Within the DHET budget, the allocation to the National Student Financial Aid Scheme (NSFAS) was set to increase from R34,8 billion in the 2020/21 fiscal year to R36,4 billion in 2023/24 – a cumulative increase in nominal terms of 4,6% over the three-year period. This allocation covers NSFAS bursaries to university students and students at technical and vocational education and training (TVET) colleges. 

However, the National Treasury’s Budget Review projected inflation at 3,9%, 4,2% and 4,4% in the three fiscal years from 2021/22 to 2023/24. This means that the consumer price level over the three years is expected to cumulatively increase by 13%, well in excess of the 4,6% increase that the government has budgeted for NSFAS. In addition, the government also expected the number of NSFAS students to increase.

Reallocation of the DHET budget

Predictably, student organisations countrywide have expressed their dissatisfaction, which led to protests and campus shutdowns in March 2021. Tragically, a bystander in the protests, Mthokozisi Ntumba, died during police action in Braamfontein. 

Following the protests, the Minister of Higher Education, Innovation and Technology, Dr Blade Nzimande, announced a reallocation of the DHET budget, as approved by Cabinet. A further R6,3 billion has been allocated to NSFAS. A total of R2,5 billion of this reallocation came from a reduction in the general allocation for universities, R3,3 billion from the National Skills Fund, and a further R500 million from the TVET colleges’ new accommodation construction budget.
The provision of university subsidies was already a concern before this reallocation, with the subsidy per student in real terms in the DHET budget set to drop cumulatively by as much as 7% over the period 2020/21 to 2023/24.
In addition to the subsidy and bursary pressures, student organisations are also demanding the full write-off of student debt. Outstanding student debt at South African universities stands just shy of R14 billion. Much of this debt burden is carried by students from so-called missing-middle households, defined as households with an income of between R350 000 and R600 000 per year.  

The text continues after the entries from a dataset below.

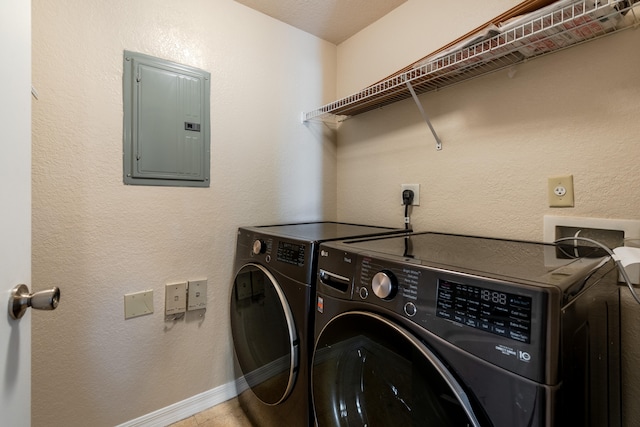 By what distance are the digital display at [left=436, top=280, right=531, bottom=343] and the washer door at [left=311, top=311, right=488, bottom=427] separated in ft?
0.35

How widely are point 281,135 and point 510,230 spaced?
4.04ft

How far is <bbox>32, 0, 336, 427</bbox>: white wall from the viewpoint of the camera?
1.12 m

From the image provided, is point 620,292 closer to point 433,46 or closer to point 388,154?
point 388,154

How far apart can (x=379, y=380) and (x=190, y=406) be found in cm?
117

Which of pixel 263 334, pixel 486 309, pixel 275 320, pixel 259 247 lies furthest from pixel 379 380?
pixel 259 247

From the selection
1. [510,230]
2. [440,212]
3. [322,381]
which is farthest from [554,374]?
[440,212]

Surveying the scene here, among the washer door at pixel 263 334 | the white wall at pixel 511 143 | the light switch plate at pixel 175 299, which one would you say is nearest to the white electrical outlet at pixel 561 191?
the white wall at pixel 511 143

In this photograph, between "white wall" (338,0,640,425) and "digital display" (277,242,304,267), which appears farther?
"digital display" (277,242,304,267)

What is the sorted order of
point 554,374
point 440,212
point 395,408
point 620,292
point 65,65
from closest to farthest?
point 554,374, point 395,408, point 620,292, point 65,65, point 440,212

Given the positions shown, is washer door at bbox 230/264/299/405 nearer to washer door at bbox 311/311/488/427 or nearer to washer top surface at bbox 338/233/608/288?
washer door at bbox 311/311/488/427

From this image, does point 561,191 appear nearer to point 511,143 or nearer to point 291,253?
point 511,143

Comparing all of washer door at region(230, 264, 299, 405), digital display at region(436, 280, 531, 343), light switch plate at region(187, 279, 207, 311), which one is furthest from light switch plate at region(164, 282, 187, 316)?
digital display at region(436, 280, 531, 343)

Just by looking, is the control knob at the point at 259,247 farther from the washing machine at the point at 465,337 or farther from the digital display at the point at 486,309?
the digital display at the point at 486,309

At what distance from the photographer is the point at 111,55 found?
1.21 metres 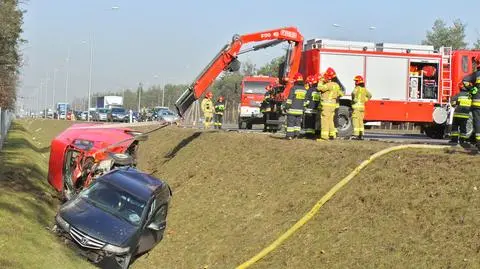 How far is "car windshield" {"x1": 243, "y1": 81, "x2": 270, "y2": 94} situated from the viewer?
105 ft

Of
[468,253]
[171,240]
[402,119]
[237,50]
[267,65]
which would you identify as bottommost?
[171,240]

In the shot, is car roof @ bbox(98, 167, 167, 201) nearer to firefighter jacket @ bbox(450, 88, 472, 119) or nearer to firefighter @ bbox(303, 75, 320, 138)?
firefighter @ bbox(303, 75, 320, 138)

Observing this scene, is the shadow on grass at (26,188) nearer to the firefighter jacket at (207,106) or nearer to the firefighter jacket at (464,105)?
the firefighter jacket at (464,105)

The current funding model is not financially and fiscally sustainable

With mounting financial pressure, it is clear that the current model of student funding in South Africa is not financially and fiscally sustainable. The deteriorating fiscal condition also makes it unlikely that the government will be able to fully finance the missing middle. Minister Nzimande has indicated that a National Task Team, involving various stakeholders, will be established to address the student funding challenge in a sustainable manner.

The National Task Team will have to revisit the recommendations made by the Heher Commission in 2016. The commission recommended the implementation of an income-contingent student loan scheme. With an income-contingent loan, the student will obtain a loan to cover all or part of his or her tuition, accommodation, books, living costs, and transport. 

Once a student has finished studying and started working, loan repayment can start, but it only commences when the income exceeds a set threshold. The amount paid per month is also linked to the ex-student’s income level. The loan repayment period can be capped, for instance, at 25 or 30 years. Whatever is not repaid after that, is written off.
Such a loan scheme could augment a revised NSFAS bursary scheme, and instead of the hard R350 000 family income cut-off currently applied for NSFAS bursaries, it could be implemented with a sliding family income scale that allows for a combination of bursary and loan financing. Thus, poorer students will receive a bigger or full bursary, reducing their need for a loan, while better-off missing-middle students will need to obtain a partial or full loan. 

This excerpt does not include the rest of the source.